Task statement:
Word for word, restate the listing; omit the pictures.

Supplied information:
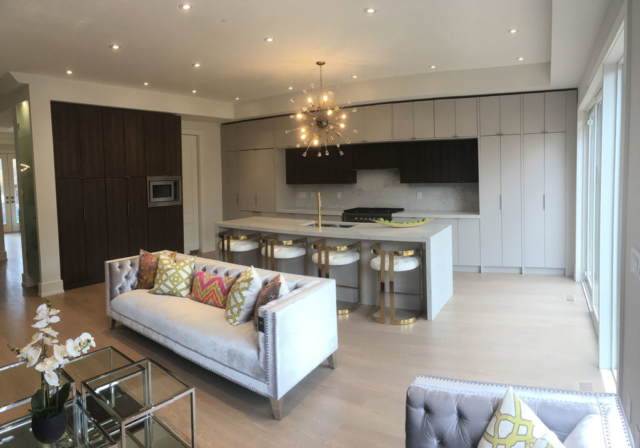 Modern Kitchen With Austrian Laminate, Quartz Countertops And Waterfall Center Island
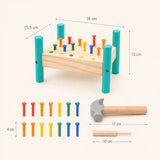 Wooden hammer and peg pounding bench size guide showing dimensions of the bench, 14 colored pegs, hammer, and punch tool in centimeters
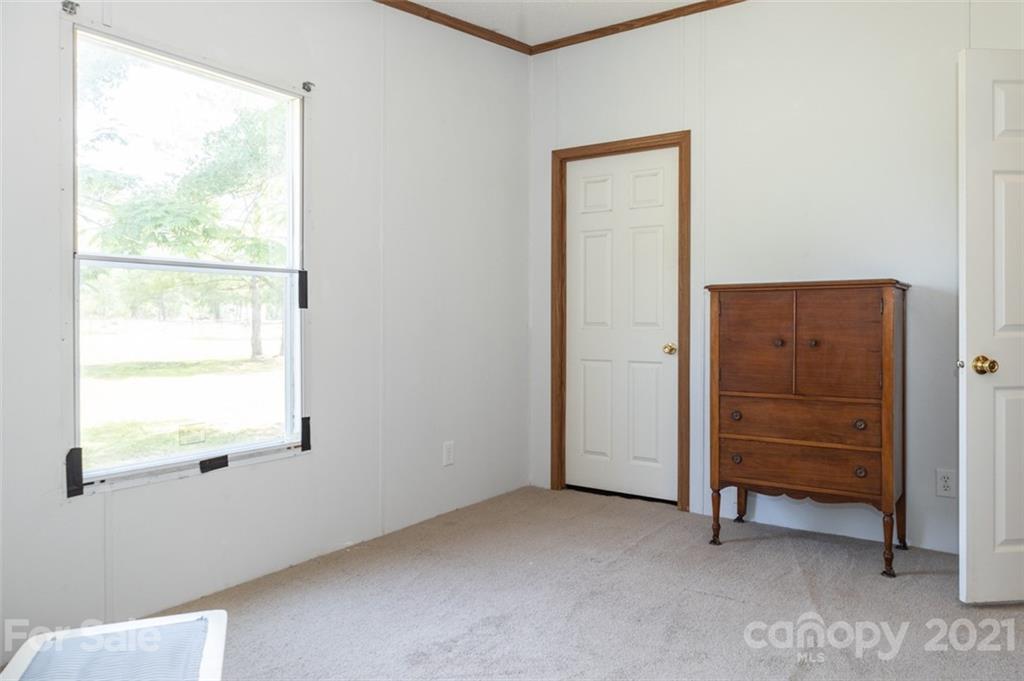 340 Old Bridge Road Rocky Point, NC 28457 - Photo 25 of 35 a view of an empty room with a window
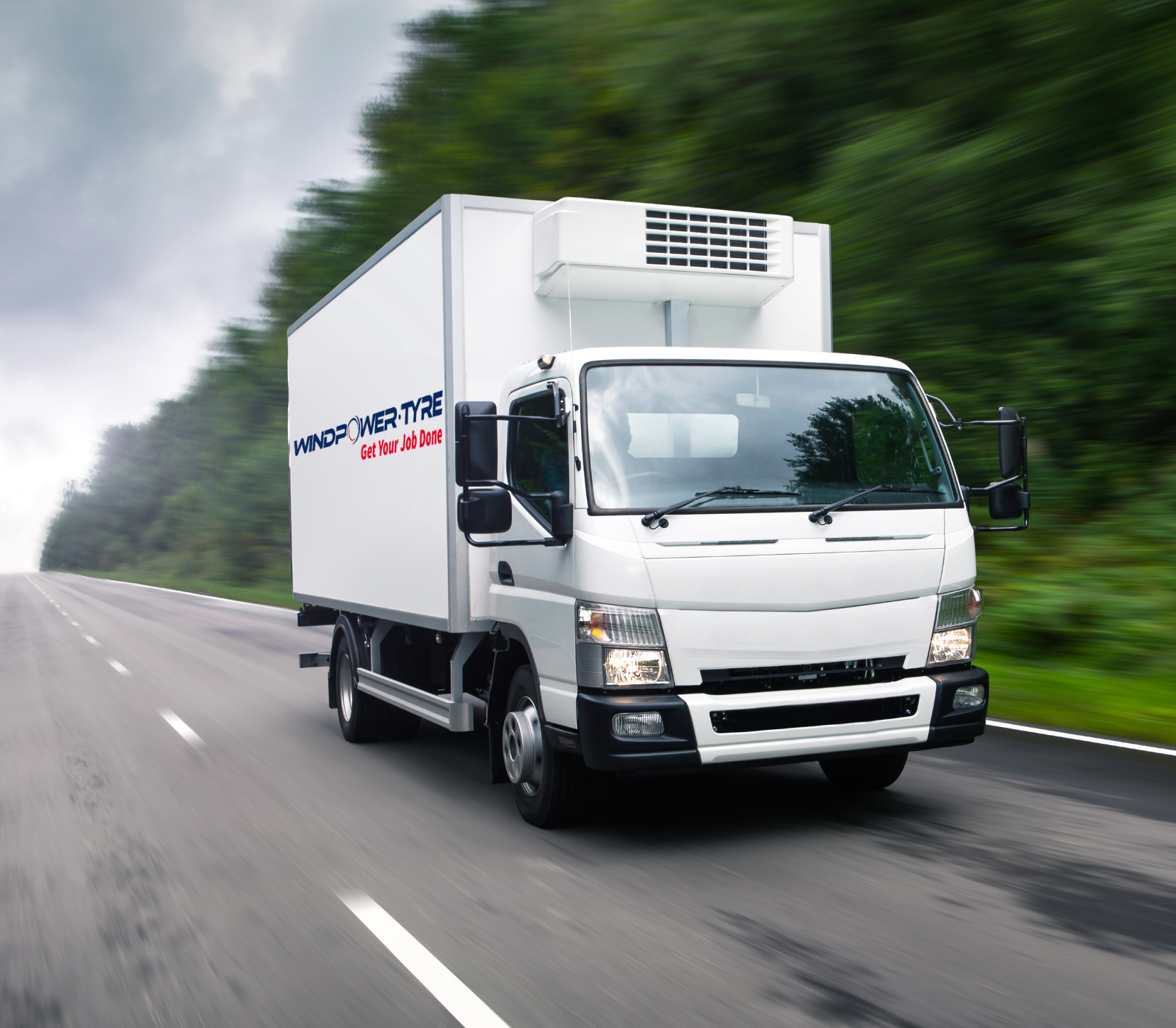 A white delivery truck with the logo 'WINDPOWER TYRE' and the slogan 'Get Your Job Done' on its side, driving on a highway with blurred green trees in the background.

Response area:
 Modern Kitchen With Austrian Laminate, Quartz Countertops And Waterfall Center Island
 Wooden hammer and peg pounding bench size guide showing dimensions of the bench, 14 colored pegs, hammer, and punch tool in centimeters
 340 Old Bridge Road Rocky Point, NC 28457 - Photo 25 of 35 a view of an empty room with a window
 A white delivery truck with the logo 'WINDPOWER TYRE' and the slogan 'Get Your Job Done' on its side, driving on a highway with blurred green trees in the background.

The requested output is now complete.